Burton Davis, Microsoft’s vice president and deputy general counsel for intellectual property, connected the company’s support to the idea of “pools of accessible data” for AI startups that are “managed in the public’s interest.” He also said, “We use publicly available data for the purposes of training our models.”

Tom Rubin, OpenAI's chief of intellectual property and content, described OpenAI as “delighted” to support the project in a statement.

Copyright pressure is reshaping AI training

The Harvard dataset is emerging while dozens of lawsuits over copyrighted data and AI training move through the courts. The outcome could shape how artificial intelligence tools are built.

If AI companies win those cases, they may be able to continue scraping the internet without licensing agreements with copyright holders. If they lose, they could have to overhaul how models are made.

That uncertainty helps explain the interest in public-domain datasets. Projects like Harvard’s are advancing on the assumption that there will be demand for training materials that do not create the same copyright risks.

Harvard’s effort is not the only one. The Institutional Data Initiative is also working with the Boston Public Library to scan millions of articles from newspapers now in the public domain, and it is open to similar collaborations in the future.

The exact distribution plan for the book dataset is still unsettled. The Institutional Data Initiative has asked Google to work with it on public distribution, but the details are still being worked out. Kent Walker, Google's president of global affairs, said in a statement that Google was "proud to support" the project.

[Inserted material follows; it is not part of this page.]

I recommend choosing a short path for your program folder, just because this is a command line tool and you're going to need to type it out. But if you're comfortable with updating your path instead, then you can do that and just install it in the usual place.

A wider market for safer training data

The Harvard database is part of a broader movement toward substantial, high-quality AI training materials that reduce copyright exposure. Some efforts focus on licensing and compensation, while others focus on public-domain collections.

Firms like Calliope Networks and ProRata have emerged to issue licenses and manage compensation schemes for creators and rights holders who provide AI training data.

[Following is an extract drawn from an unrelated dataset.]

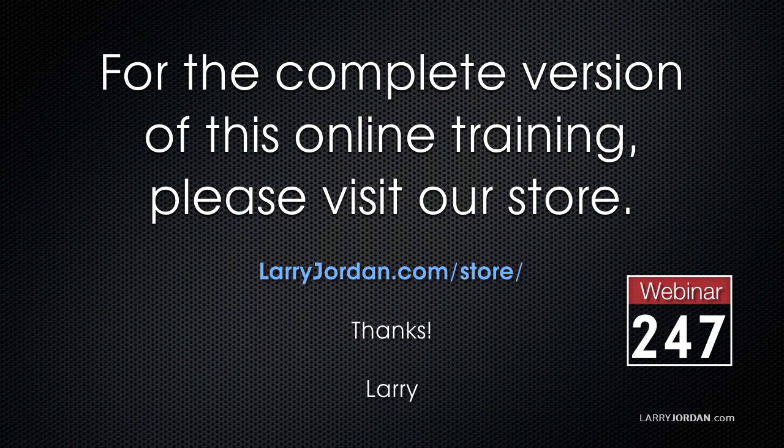Our training covers Apple and Adobe software. We update it multiple times every month. And for more information, visit LarryJordan.com slash membership. And thanks.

There are public-domain efforts as well. Last spring, the French AI startup Pleias rolled out Common Corpus, a public-domain dataset containing an estimated 3 to 4 million books and periodical collections, according to project coordinator Pierre-Carl Langlais. Backed by the French Ministry of Culture, Common Corpus has been downloaded more than 60,000 times this month alone on Hugging Face.

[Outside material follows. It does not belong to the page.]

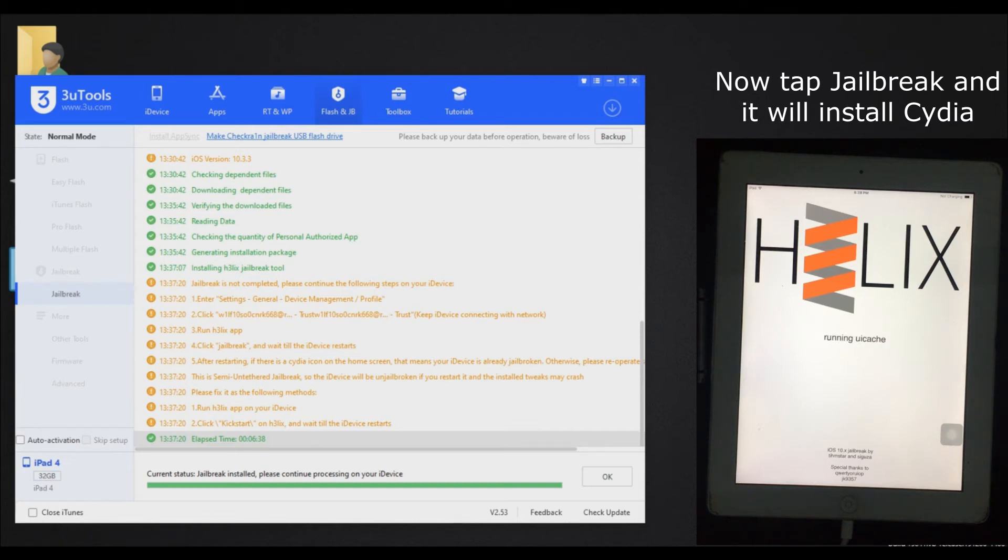This will install Cydia in your device. It will take almost 60 seconds.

Last week, Pleias announced its first set of large language models trained on that dataset. Langlais told WIRED they are the first models “ever trained exclusively on open data and compliant with the [EU] AI Act.”

Image datasets are moving in a similar direction. AI startup Spawning released Source.Plus this summer, using public-domain images from Wikimedia Commons and from museums and archives. The source article also notes that cultural institutions such as the Metropolitan Museum of Art in New York have long made their archives accessible to the public as standalone projects.

The unresolved question

Supporters of public-domain datasets see them as evidence that AI systems do not have to depend on copyrighted material scraped without permission. Ed Newton-Rex, a former Stability AI executive who now runs a nonprofit that certifies ethically-trained AI tools, said the rise of these datasets challenges the claim that copyrighted work is necessary for capable AI.

OpenAI previously told lawmakers in the United Kingdom that it would be “impossible” to create products like ChatGPT without using copyrighted works. Newton-Rex responded that “Large public domain datasets like these further demolish the 'necessity defense' some AI companies use to justify scraping copyrighted work to train their models,” according to the source.

But he also warned that impact depends on how these datasets are used. If public-domain materials replace scraped copyrighted work, they could change the direction of AI training. If they are merely added to datasets that still include unlicensed creative work, he said, they will mostly benefit AI companies.

That is the central tension around Harvard’s release. A nearly 1 million book public-domain dataset can expand access and lower risk, but its broader effect will depend on whether developers treat it as a substitute for contested data or simply another ingredient.